日本銀行は18日、22年度の物価上昇率の見通しを前回(21年10月)より0.2ポイント幅引き上げ、前年度比+1.0%~+1.2%に改定した。


主な要因は原油・原材料、穀物の国際価格の上昇による石油製品や金属製品、電気食品の値上がりだ。2020年12月の消費者物価指数(東京都区部)は前年同月比で0.8%の上昇となっており、じわじわ生活にも影響し始めている。(総務省)


気がかりなのは、企業の間で取引されるモノ、サービスの価格動向を示す国内企業物価指数が前年比で5%程度上昇していることだ。

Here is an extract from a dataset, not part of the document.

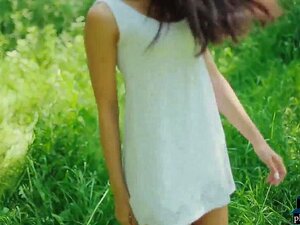 Petite modèle russe Cira Nerri strip-tease solo pour Playboy et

原油価格の上昇傾向は続いており、足もとでは中東情勢の不安定化を懸念して1バレル=86ドルと7年ぶりの高値をつけている。


今後、企業物価の上昇がじわじわと消費者物価を押し上げる可能性がある。


岸田首相は今春闘での賃上げを要請しており、大企業経営者(経団連)側もこれに応える姿勢をみせている。(「連合」は定期昇級と基本給引き上げで4%アップを要求)


大企業労働者は物価上昇分を差し引いた実質所得が増えるかもしれないが、留意すべきは労働組合の組織率は年々下がる傾向にあり、17.1%にとどまっていることだ。

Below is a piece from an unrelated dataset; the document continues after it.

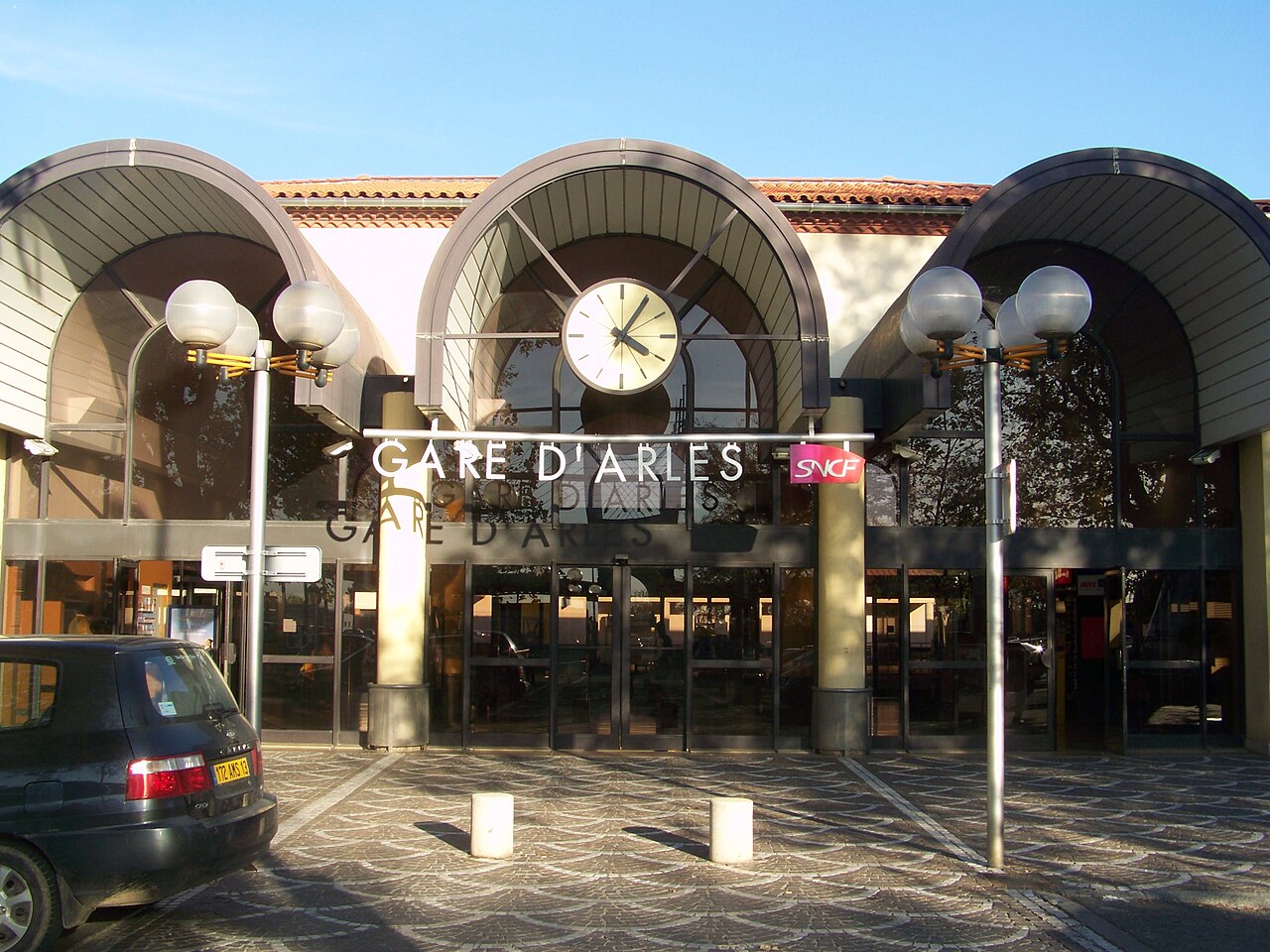 File:Gare d'Arles (13).JPG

賃上げのない労働者、不利な賃金で働く非正規社員にとってじわじわと上がる物価は脅威だろう。また、岸田首相が重視する中間層の中で、所得格差が広がることになる。


日銀はいわゆるアベノミクスのもと、物価上昇率2%をデフレ脱却の目標に掲げてきた。


超低金利・量的緩和政策(プラス政府の財政出動)で景気を上向かせ、国民所得が増えて物価が上がり、めでたくデフレ脱却――ということだと筆者は考える。


輸入物価が上がり国内物価が仮に2%上がったところで、賃金が増えなければ日銀の政策がようやく実を結んだとはだれも思うまい。


輸入物価上昇は、超低金利政策による円安(ドル高)が増幅した側面もある。米国は金融引き締めに向かっており、今後日米金利差が開くと円安が一段とすすむ可能性がある。


それを考えても、日銀の「異次元の金融緩和」はいよいよ限界をみせている。


黒田総裁の今任期は23年4月。一部に途中辞任説もあるようだが、それは「政策の失敗」を認めることになるので、あり得ないと筆者は考える。
(日銀もひとつの官僚組織である)


黒田総裁が任期まで続けるとして、長期国債や株式まで買い込んだ、行き過ぎた超低金利と量的緩和の正常化に向けた道筋をつけることは必須だろう。